Task description
Please transcribe the listing below in full and word for word, without its pictures.

Data provided
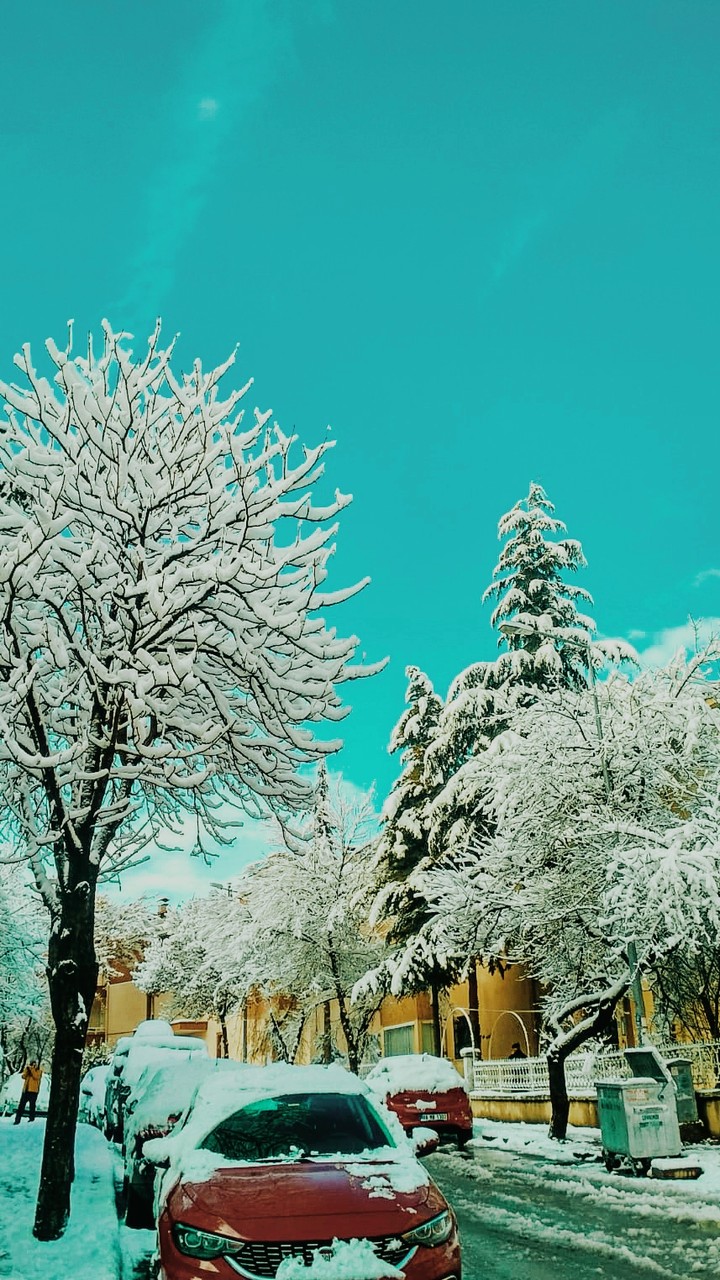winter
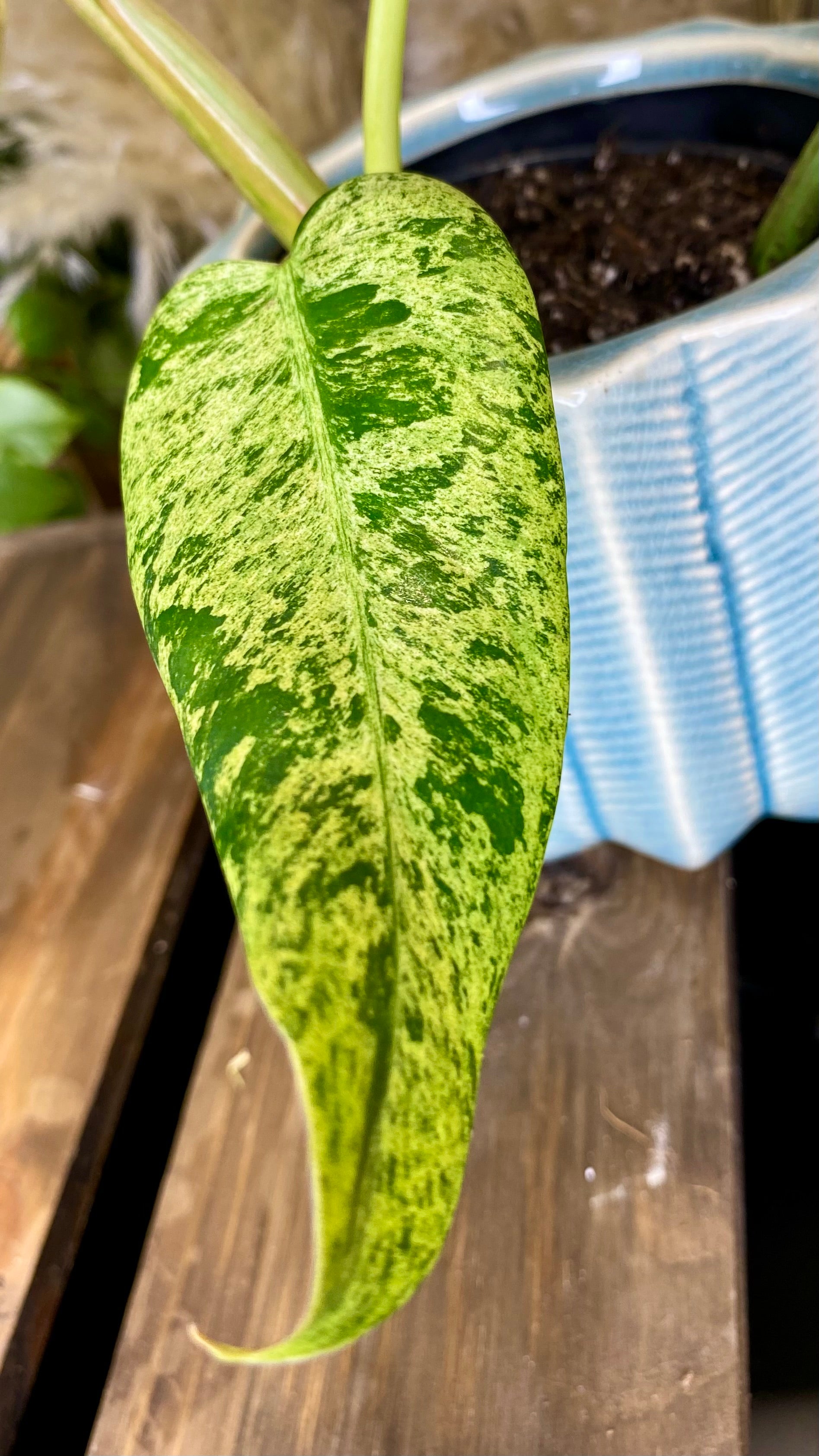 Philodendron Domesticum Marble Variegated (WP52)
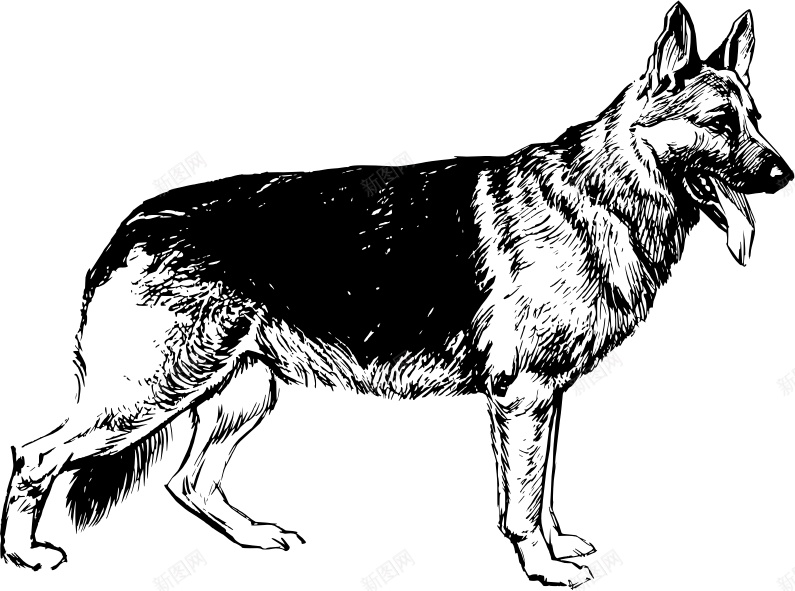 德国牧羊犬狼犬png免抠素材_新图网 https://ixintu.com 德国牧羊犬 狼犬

Response for this exercise
winter
 Philodendron Domesticum Marble Variegated (WP52)
 德国牧羊犬狼犬png免抠素材_新图网 https://ixintu.com 德国牧羊犬 狼犬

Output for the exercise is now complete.